Once the widgets arrive back in the plant a team quickly inspects all 1,000 widgets. Once they are complete they realize that 36 of the widgets were actually defective!

**Identified Root Cause**

Luckily, the root cause of the defective units was quickly identified and an immediate countermeasure was put into place ensuring this problem would never happen again.

**How Did This Order Ever Ship?**

The next question that was asked was how this order ever shipped.
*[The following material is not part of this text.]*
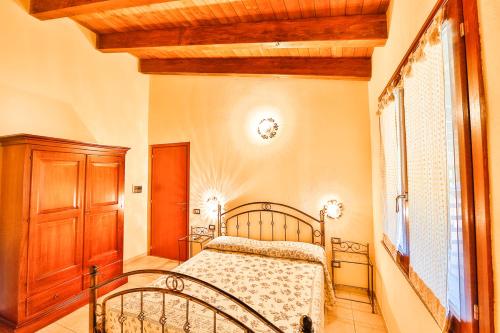 una camera con letto e armadio in legno di Agriturismo Rocce Bianche ad Arbus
It was hypothesized that since 100 widgets were 100% inspected at least 1 of the 100 widgets should have been found to defective which would have forced a more thorough inspection of the entire lot.

**Bring in the Black Belt**

Not sure how to solve this problem the team asked their local Six Sigma Black Belt to help them determine the probability of catching at least 1 defective product while inspecting 100 units out of a lot of 1,000.
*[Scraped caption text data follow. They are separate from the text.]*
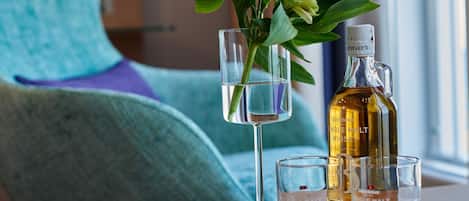 A table with a bottle of single malt whiskey, two shot glasses, and a glass with a flower arrangement.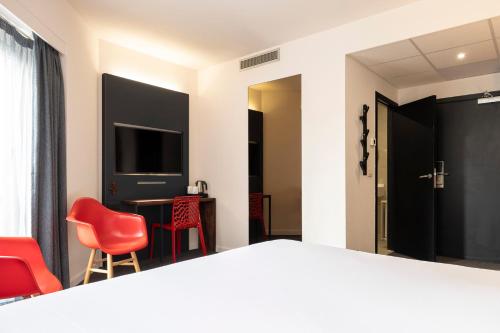 Habitación Premium con cama extragrande del hotel Aris Grand-place. Foto 3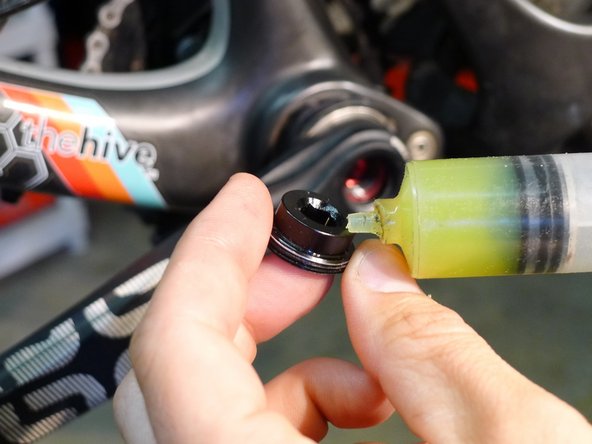 If using the Hive removal tool, grease the face of the tool and the threads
**The Hypergeometric Distribution**

After learning more about the situation the black belt decides to use the Hypergeometric Distribution, which Wikipedia so eloquently defines as *a discrete probability distribution that describes the number of successes in a sequence of n draws from a finite population without replacement*.

Here is how the black belt set things up in Minitab, which is the statistical software package they use.

In this example we are dealing with a finite population of 1,000 widgets so the “**Population size**” is 1,000.

Since we know, in this example, 36 widgets were defective and being defective is the “Event” in this case, the “**Event count in the population**” is 36.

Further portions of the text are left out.